» **Assignment**
Give the listing again character for character, but drop the images.

(Source material Opens)

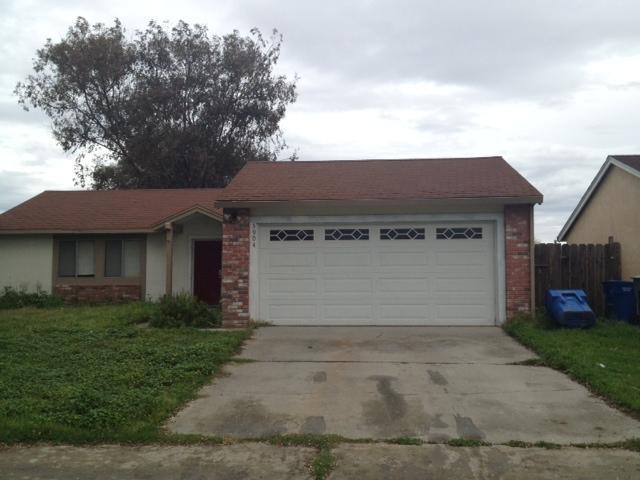 3904 Woodview Dr, Ceres, CA 95307 photo 1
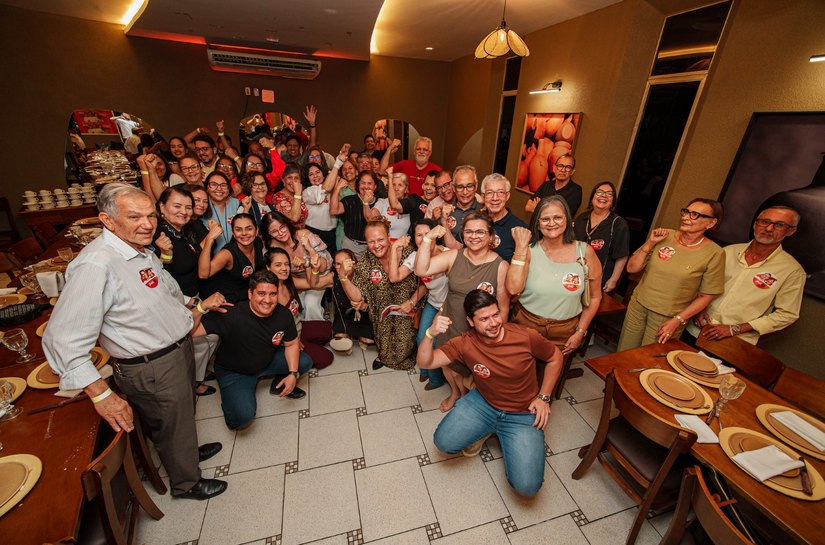 “Encontro com a Velha Guarda” reúne amigos de Célia Rocha e resgata 30 anos de história política em Arapiraca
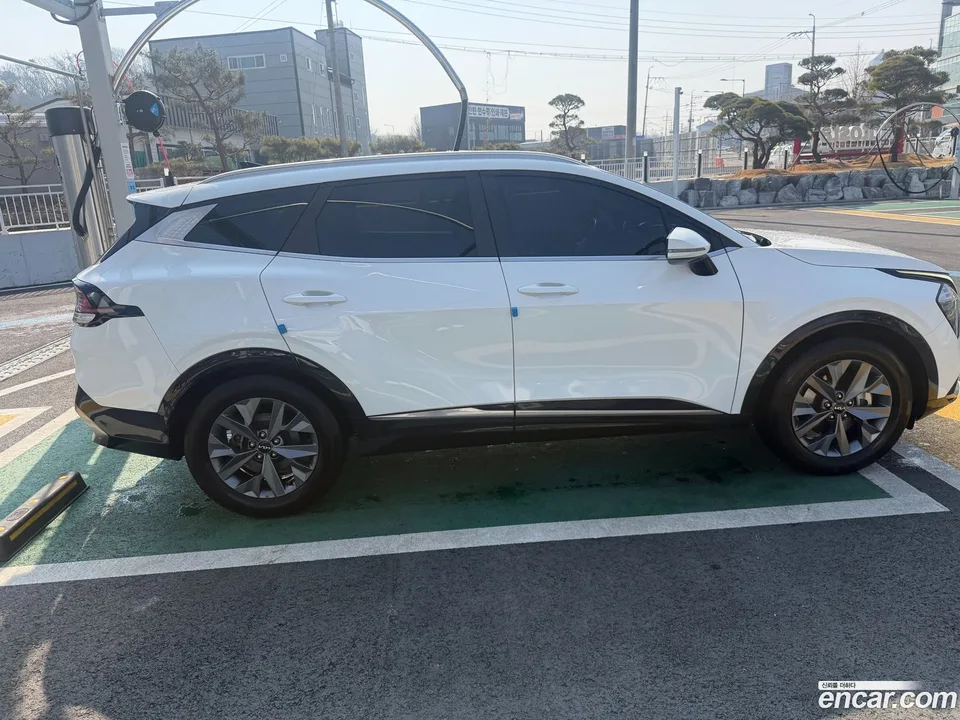 Kia Sportage 1.6 2WD 2024 — миниатюра 4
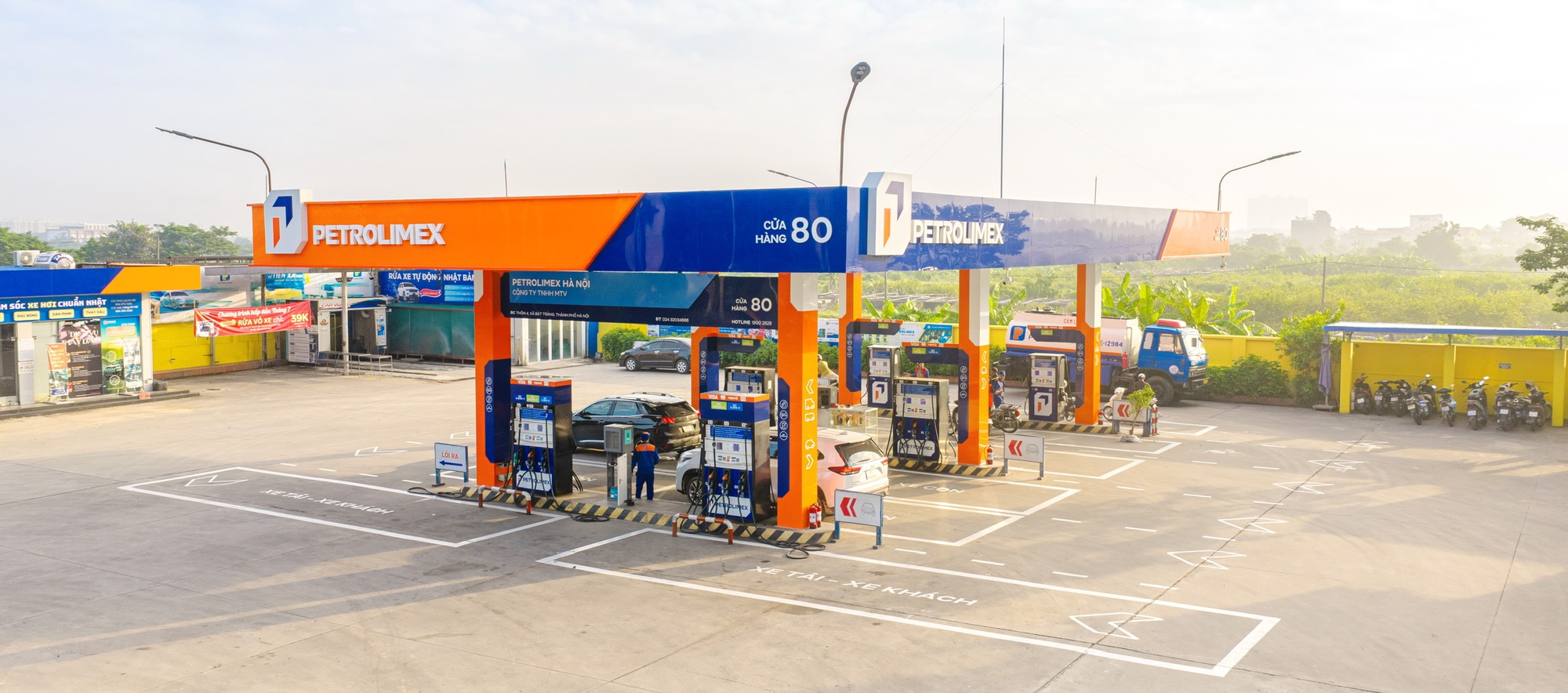Petrolimex chủ động bán xăng dầu thấp hơn mức điều hành- Ảnh 1.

(Source material Closes)

» **Response to this exercise**
 3904 Woodview Dr, Ceres, CA 95307 photo 1
 “Encontro com a Velha Guarda” reúne amigos de Célia Rocha e resgata 30 anos de história política em Arapiraca
 Kia Sportage 1.6 2WD 2024 — миниатюра 4
Petrolimex chủ động bán xăng dầu thấp hơn mức điều hành- Ảnh 1.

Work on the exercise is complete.